Iran's president has said some of the centrifuges used in its uranium enrichment programme were sabotaged, raising suspicions that they were targeted by the Stuxnet computer worm.
Mahmoud Ahmadinejad said the problems had been created by enemies of Iran, but had had only a limited effect.
Iran has repeatedly denied that Stuxnet had affected its nuclear programme.
The UN said last week that Iran had temporarily halted most of its uranium enrichment work earlier this month.
The West fears Iran's ultimate goal is to build nuclear weapons. Iran says its programme is aimed solely at peaceful energy use.
"They succeeded in creating problems for a limited number of our centrifuges with the software they had installed in electronic parts," Mr Ahmadinejad told a news conference.
"Our specialists stopped that and they will not be able to do it again," he added without elaborating on the software thought to have been used.
The Vienna-based International Atomic Energy Agency said in a report last week that a temporary stoppage had hit Iran's Natanz enrichment nuclear plant earlier this month.
Experts say the worm, which Iran said in September had attacked its computers, has been specially configured to damage motors commonly used in uranium-enrichment centrifuges by sending them spinning out of control.
The computer bug is a form of customised malware, written to attack a precise target.
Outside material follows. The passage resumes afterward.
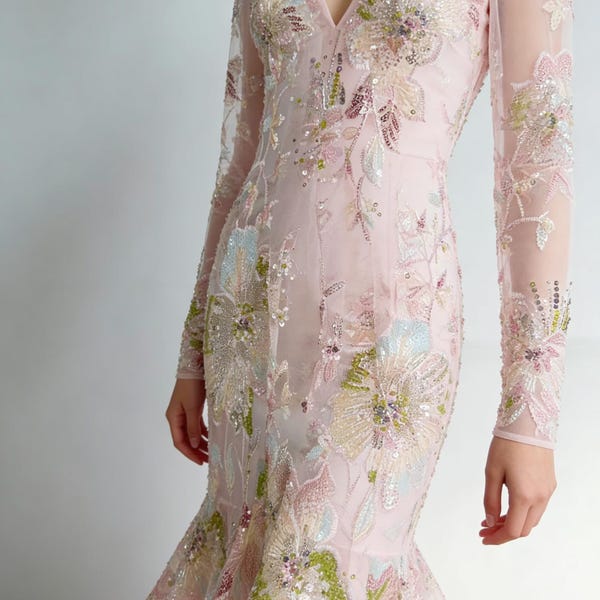 Floral Perlen gestickt Tüll Mesh-Gewebe, 3D Pailletten Spitzenstoff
Analysts say the complexity of the code suggests it was created by a "nation state" in the West, rather than an organised crime group.
Senior Iranian officials have said that the virus is evidence that an "electronic war" has been launched against the country.
Mr Ahmadinejad's comments about the cyber attack worm come on the day that a high-profile Iranian nuclear scientist was killed and another wounded in two separate but similar attacks in the capital.
The president accused Israel and the West of being behind the attacks.